*** Block opens ***

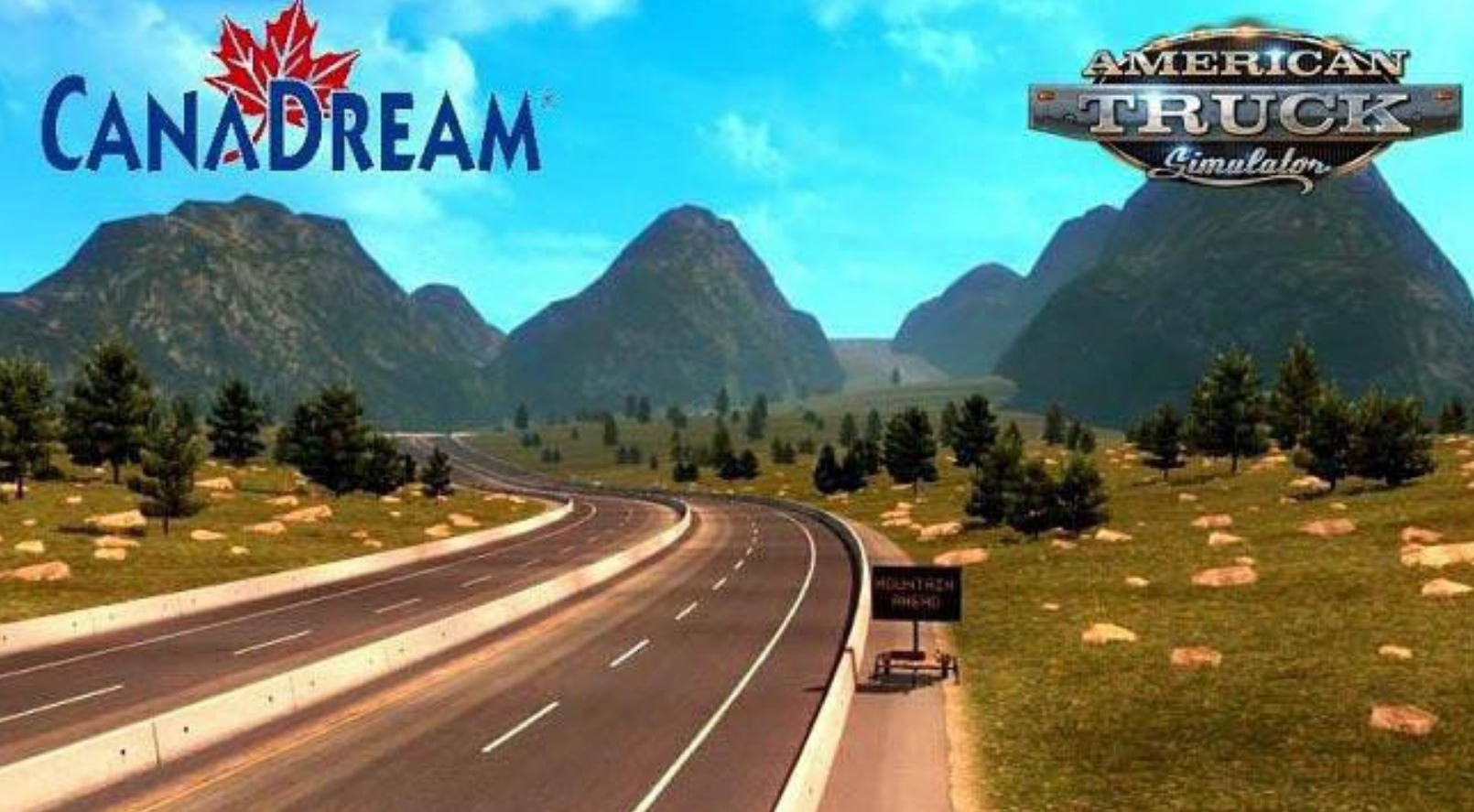 CanaDream v2.61.4 Mod thumbnail 3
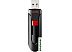 Флеш-память SanDisk Cruzer Glide 32 Gb (SDCZ60-032G-B35) Флеш-память SanDisk Cruzer Glide 32 Gb (SDCZ60-032G-B35)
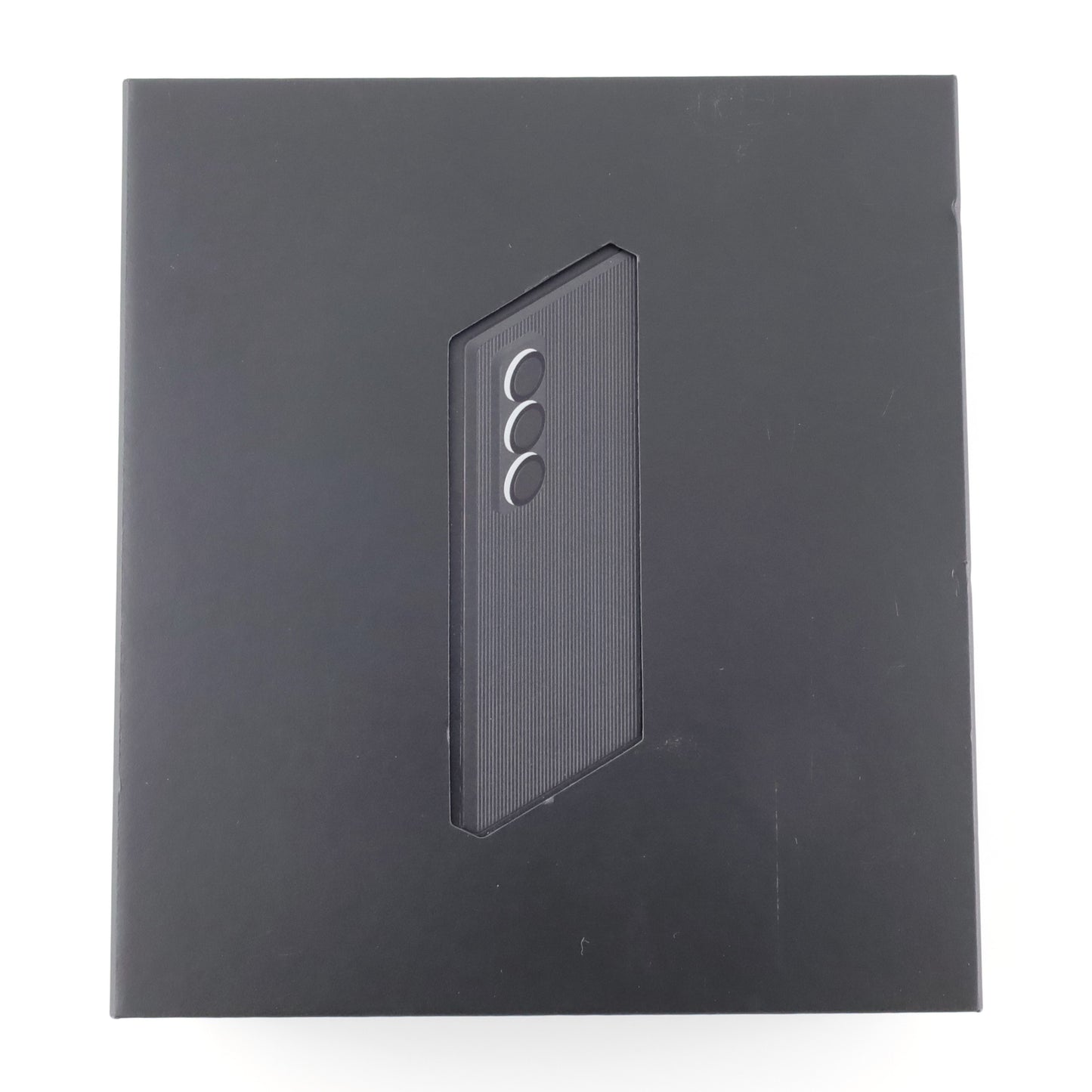 C+ランク Galaxy Z Fold SpecialEdition 12/512GB Black SM-F958N 韓国版【30日保証】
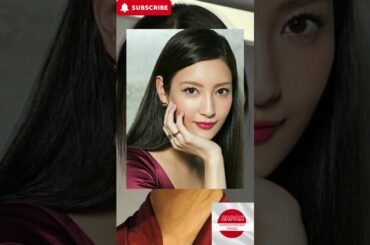 「痩せた」「違和感」の声も…菜々緒、10月テレ朝ドラマで印象激変！“天海祐希感”漂う主演女優に期待される新たな魅力とは？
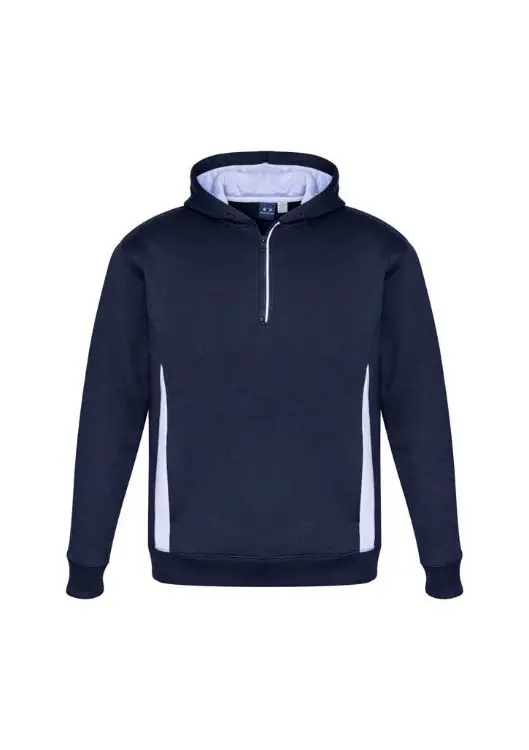 Picture of Kids Renegade Hoodie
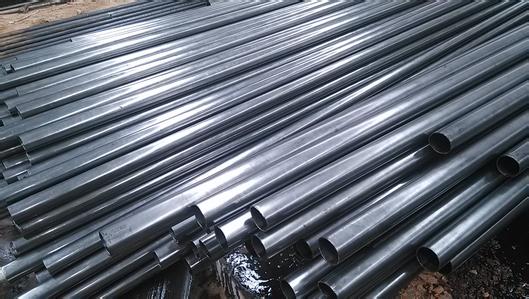 現(xiàn)貨銷售 船舶碳鋼無縫鋼管1Cr5Mo厚壁流體輸送用管按需切割 現(xiàn)貨銷售 船舶碳鋼無縫鋼管1Cr5Mo厚壁流體輸送用管按需切割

*** Block closes ***

**ACTIVITY:**
From the line with "Picture of Kids Renegade Hoodie" to the last line above, restate each line word for word, but skip the pictures.

**SOLUTION BELOW:**
 Picture of Kids Renegade Hoodie
 現(xiàn)貨銷售 船舶碳鋼無縫鋼管1Cr5Mo厚壁流體輸送用管按需切割 現(xiàn)貨銷售 船舶碳鋼無縫鋼管1Cr5Mo厚壁流體輸送用管按需切割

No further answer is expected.